Wednesday, November 5, 2008

un beau jour/a beautiful day


Ce matin, Duncan crie ses applaudissements. Daisy danse somnolente-réveillée. Fiona embrasse tous ses proches virtuellement. Et moi, je pleure. Je pleure car aujourd’hui je peux avouer que toute ma vie, j’étais embarrassée, j’avais honte de mon pays, meme en croyant fortement en les idéals de notre démocratie. Nous, du « greatest country on earth , » nous n’étions pas un nation de liberté, pas un nation d’égalité, pas (et peut-etre pas encore) un nation de fraternité.

Mais aujourd’hui nous récupérons le droit de dire que nous sommes quelque chose de spécial dans le monde. Il n’existe pas un « greatest country on earth, » mais hier nous avons choisi d’essayer etre grand dans un sens généreux, et d’etre responsable de faire le travail qui accompagne ce défi la.

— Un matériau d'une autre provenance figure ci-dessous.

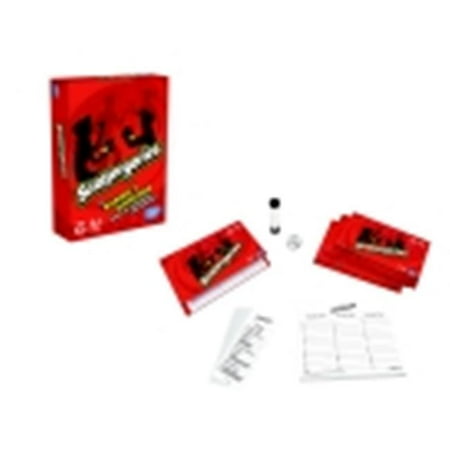 Milton Bradley Clue - Milton Bradley Scattergories Game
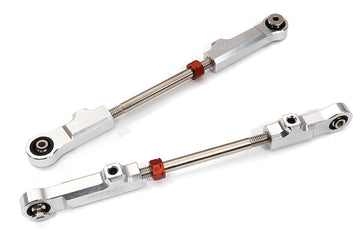 Billet Machined Rear Upper Suspension Linkages for Arrma 1/8 Kraton 6S BLX V5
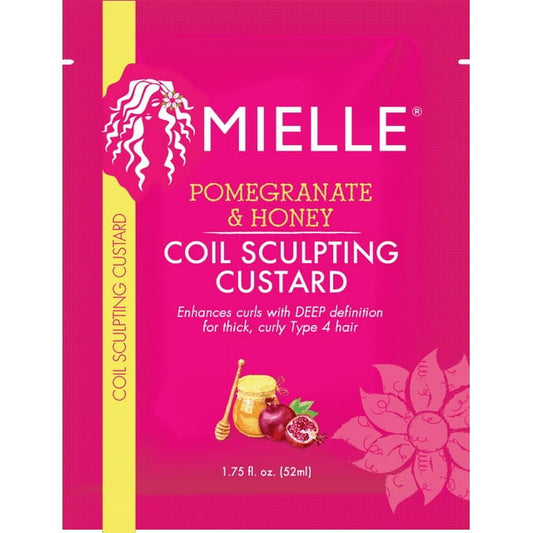 MIELLE COIL SCULPTING CUSTARD 1.75OZ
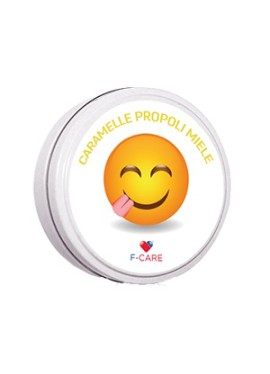 CARAMELLE F-CARE PROPOLI MIELE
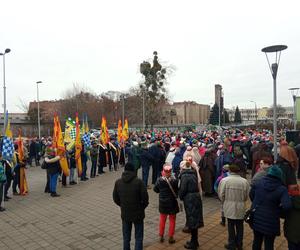 Orszak Trzech Króli w Grudziądzu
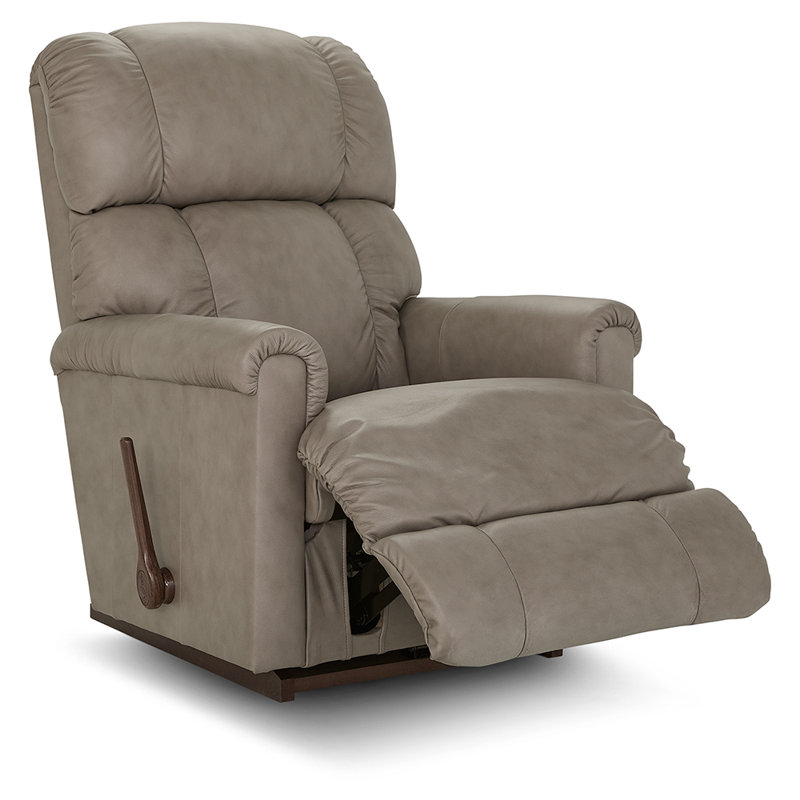 Fauteuil inclinable manuel Pinnacle, Tanné
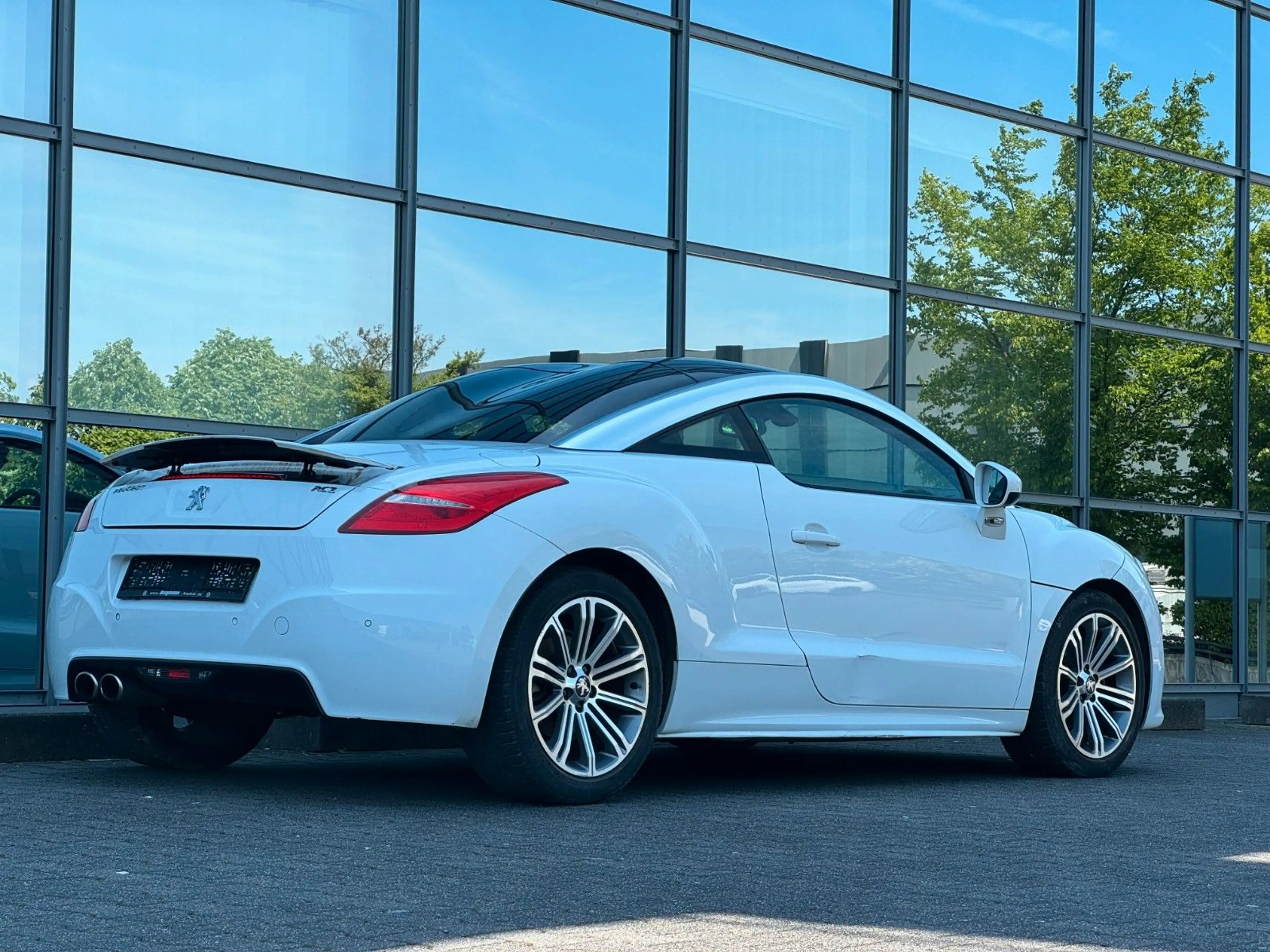 Peugeot RCZ Sport Leder Navi PDC — photo 3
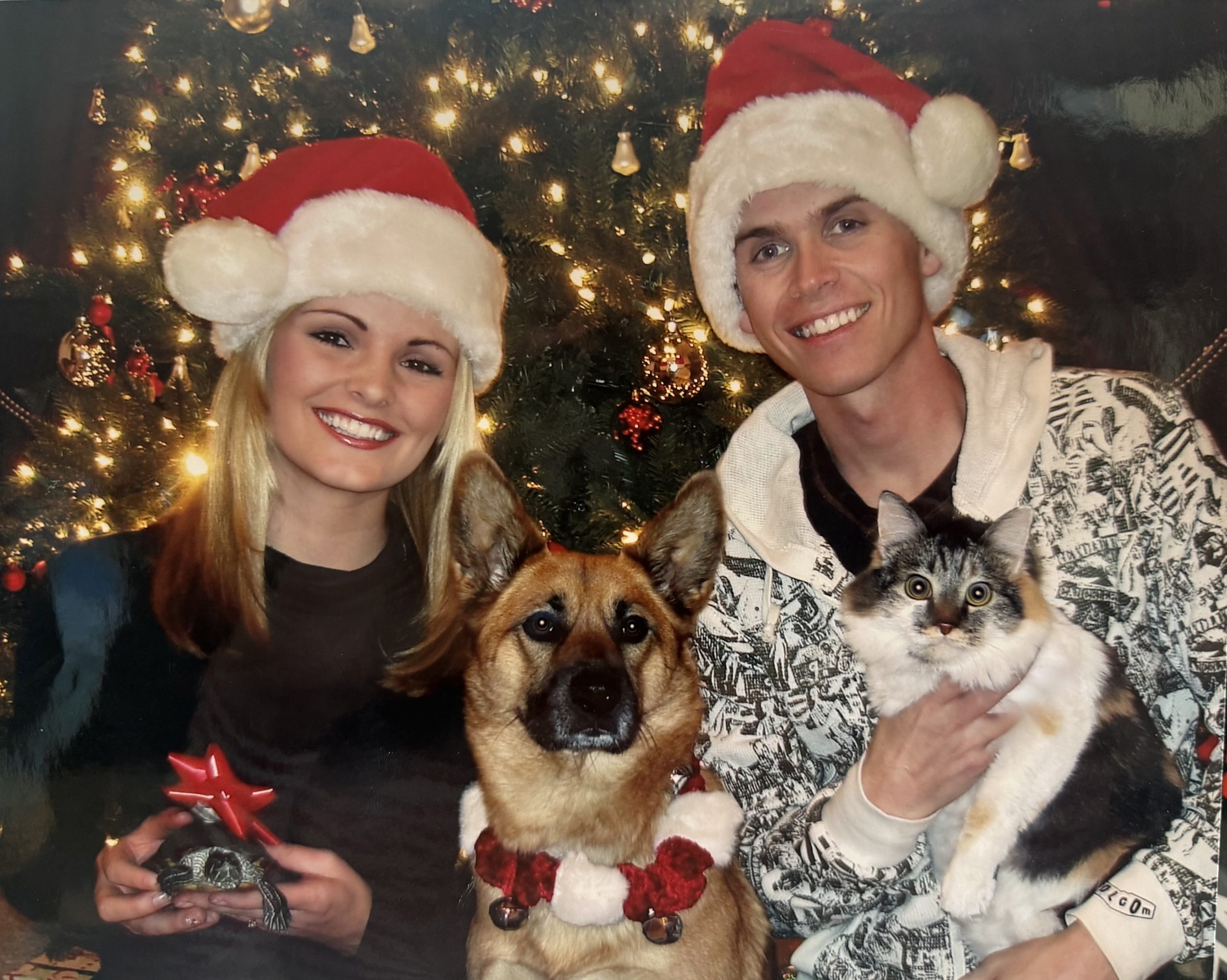 Celebrating a Lifetime of Love with Pet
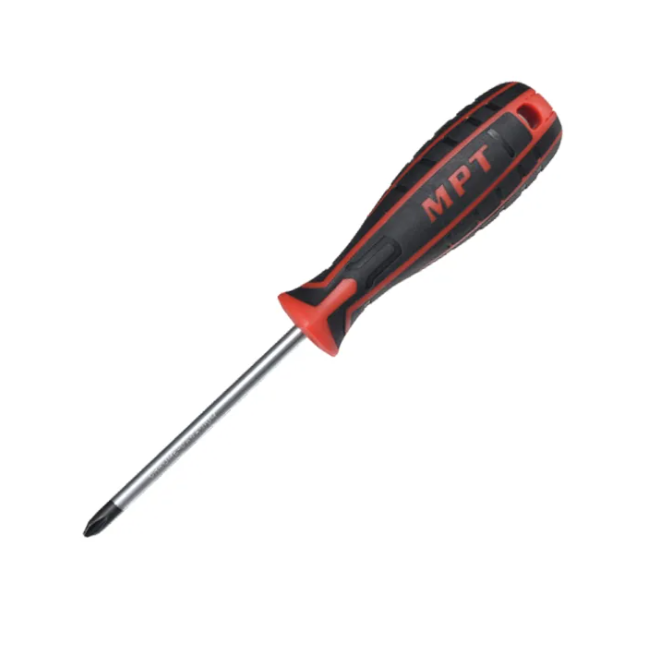 MPT Slotted Screwdriver 3x100mm MHA01001-3100 HT • MOST PROFESSIONAL TOOLS •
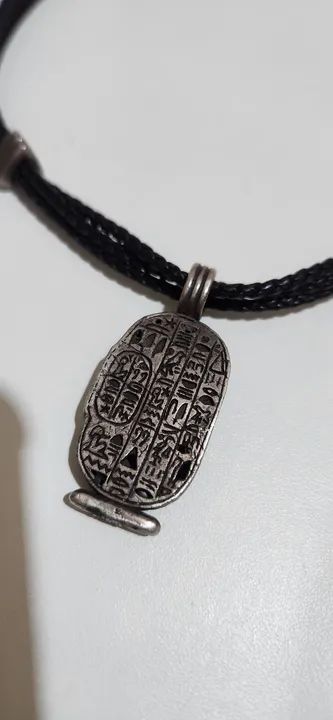 Colar de prata  - Foto 3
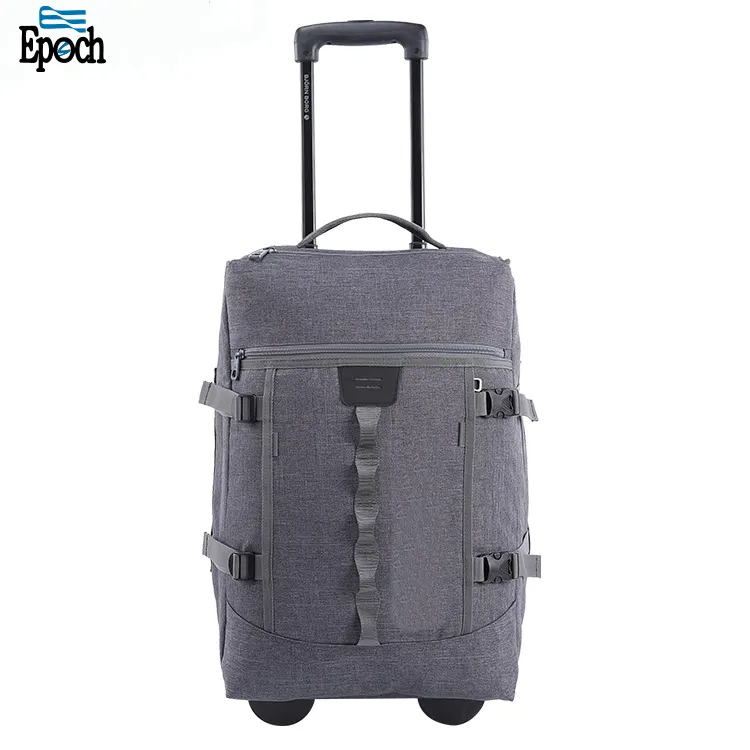 Khuyến Mại Không Thấm Nước Nhẹ Durable Travel Trolley Bag, Nice Rolling Duffle Bag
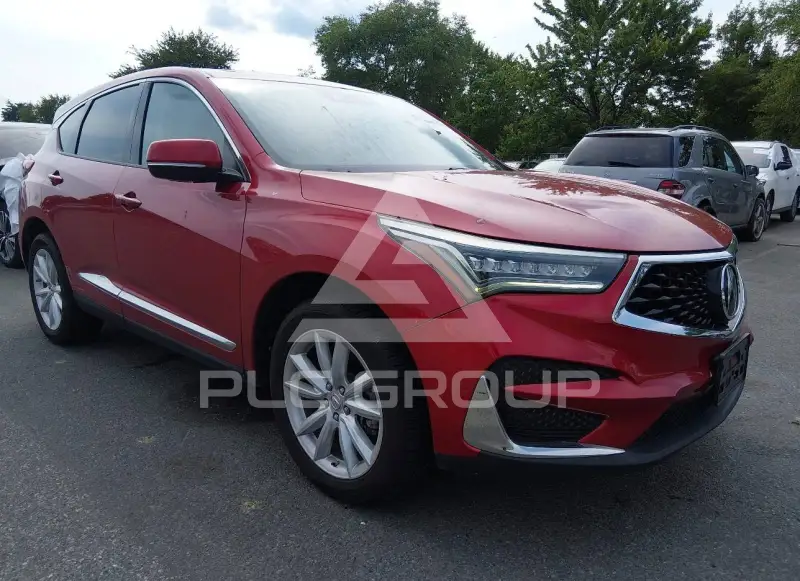 2019 Acura RDX photo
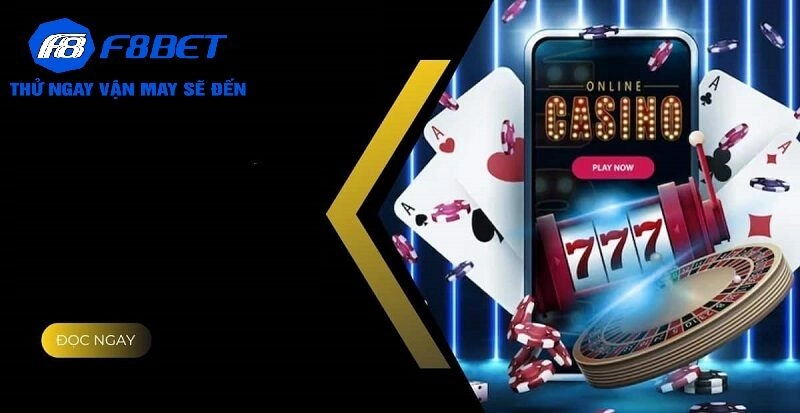 Trải nghiệm kho giải trí đa dạng chỉ có tại F8BET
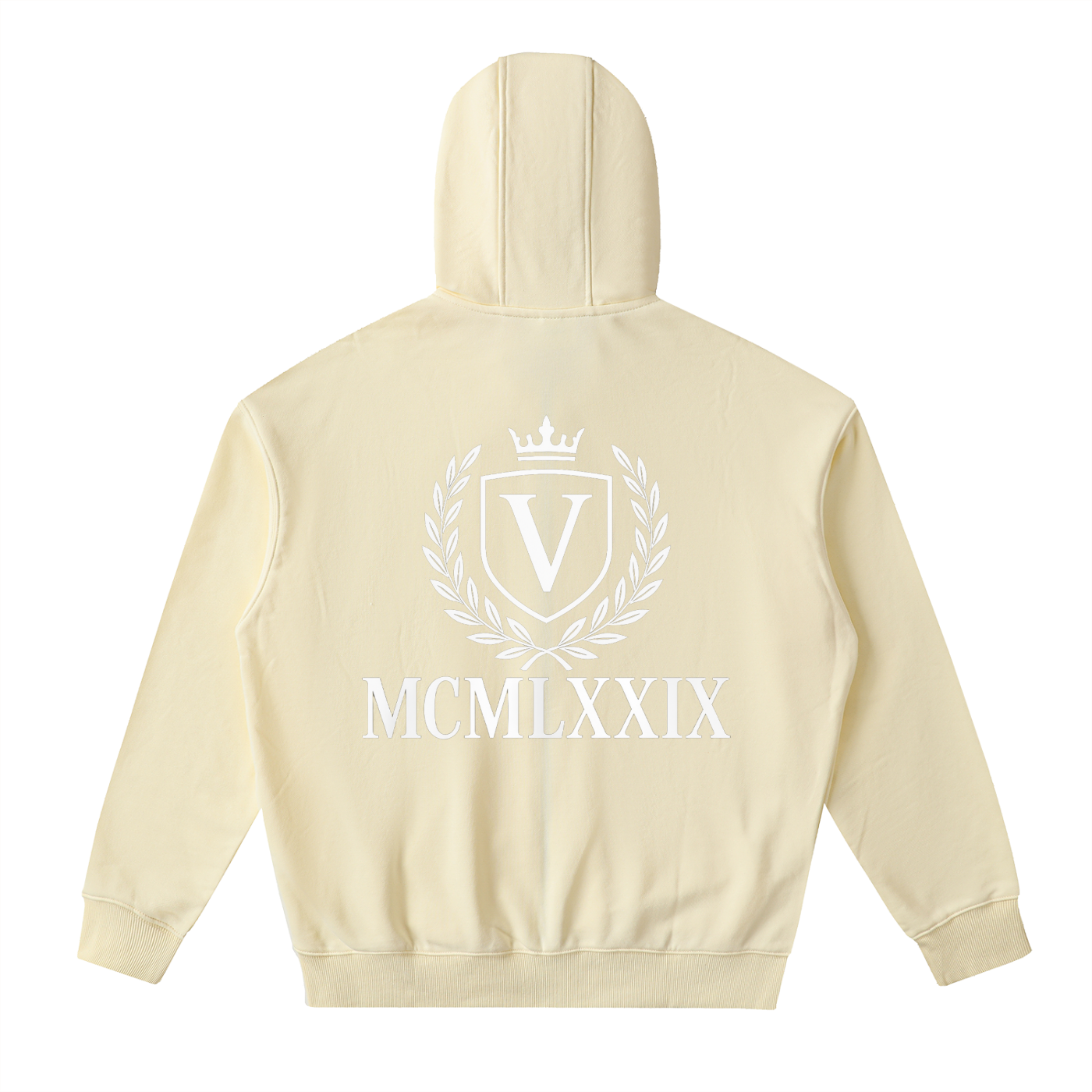Veni Vidi Vici Zip Up Hoodie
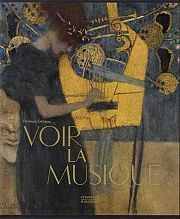 La musique, objet visuel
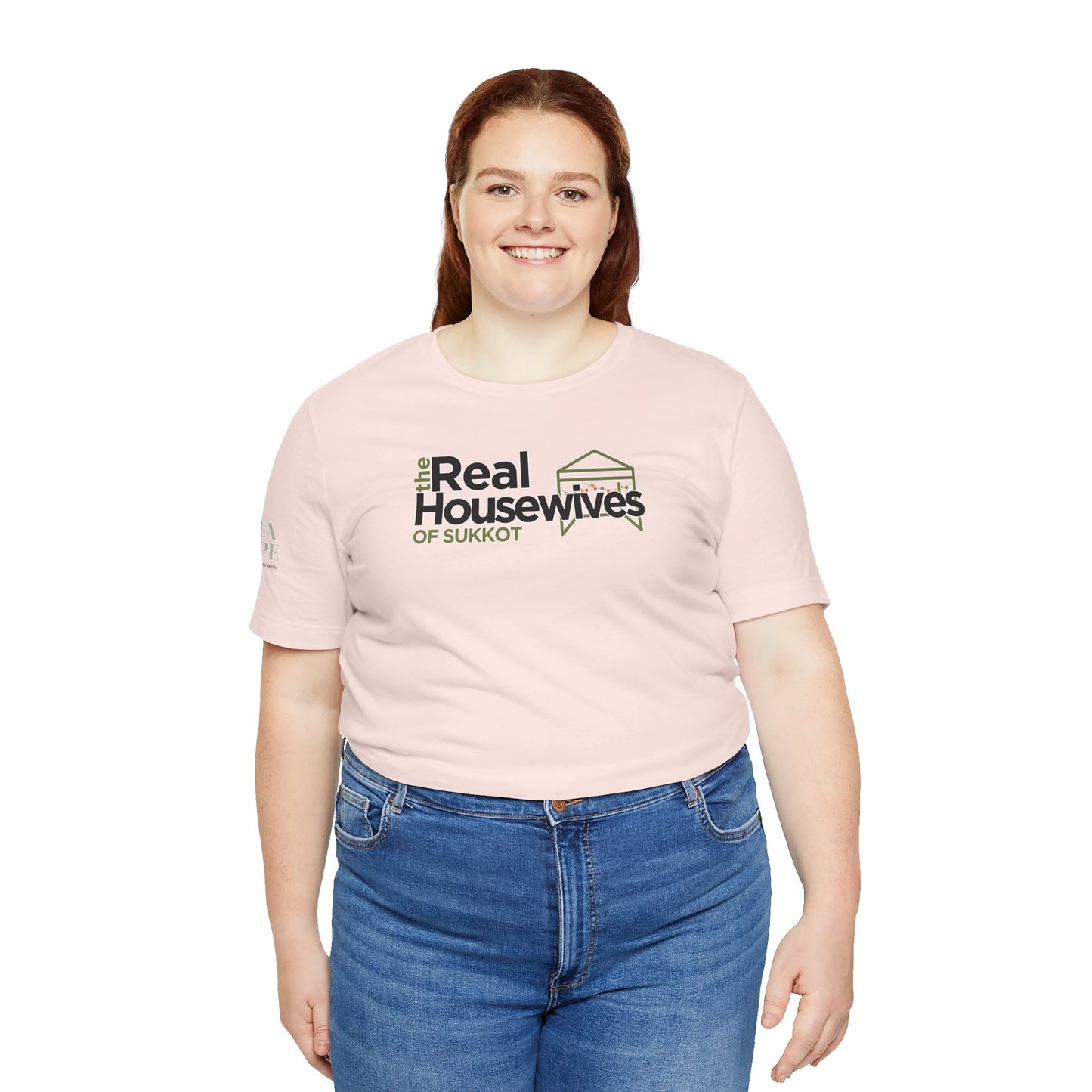 Real Housewives of Sukkot Cotton Shirt Biblical Feast Tabernacles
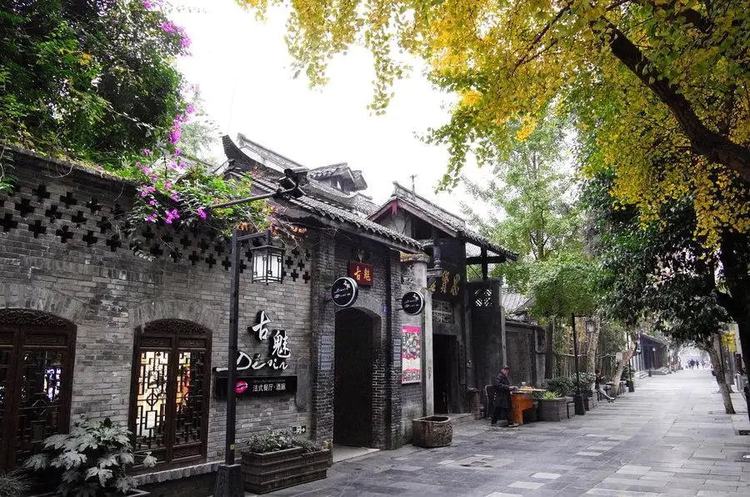 德阳旅游景点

Donc je pleure. Les larmes sont de la relève, de la joie et oui, de l’espoir. J’adore les mots de Barack Obama, mais pour l’instant, c’est (avec un touche de bizarre) un voix irlandais, c’est Bono de U2 qui chante mon cœur :

The heart is a bloom, it shoots up through the stony ground
There's no room, no space to rent in this town
You're out of luck and the reason that you had to care:
The traffic is stuck and you're not moving anywhere.
You thought you'd found a friend to take you out of this place
Someone you could lend a hand in return for grace]
It's a beautiful day, the sky falls
And you feel like it's a beautiful day
Don't let it get away
You're on the road but you've got no destination
You're in the mud, in the maze of her imagination
You love this town even if that doesn't ring true
You've been all over and it's been all over you
It's a beautiful day
Don't let it get away
It's a beautiful day
Don't let it get away
Touch me, take me to that other place
Teach me, I know I'm not a hopeless case
See the world in green and blue
See China right in front of you
See the canyons broken by cloud
See the tuna fleets clearing the sea out
See the Bedouin fires at night
See the oil fields at first light
And see the bird with a leaf in her mouth
After the flood all the colors came out
It was a beautiful day
Beautiful day
Don't let it get away
Touch me, take me to that other place
Reach me, I know I'm not a hopeless case
What you don't have you don't need it now
What you don't know you can feel it somehow
What you don't have you don't need it now
You don't need it now, you don't need it now
It’s a beautiful day

Today, Duncan cheers. Daisy dances, sleepy wide-awake. Fiona’s virtually hugging everybody she knows. And me, I’m crying. I’m crying because today I can admit that my whole life I’ve been embarrassed, I’ve been ashamed of my country, even while I believed to my depths in the ideals of our democracy. We, “the greatest country on earth,” have not been a nation of liberty, not a nation of equality, not (and maybe not yet) a nation of brotherhood.

But today we reclaim the right to say that we’re some kind of special in the world. There is no “greatest country on earth,” but yesterday we chose to try to be great in the most generous sense, and to be responsible for doing the work that comes along with the challenge.

So I’m crying. The tears are of relief, of joy, and yes, of hope. I love the way Obama speaks, but for the moment, strangely, it’s an Irish voice, it’s Bono of U2 who’s singing my heart.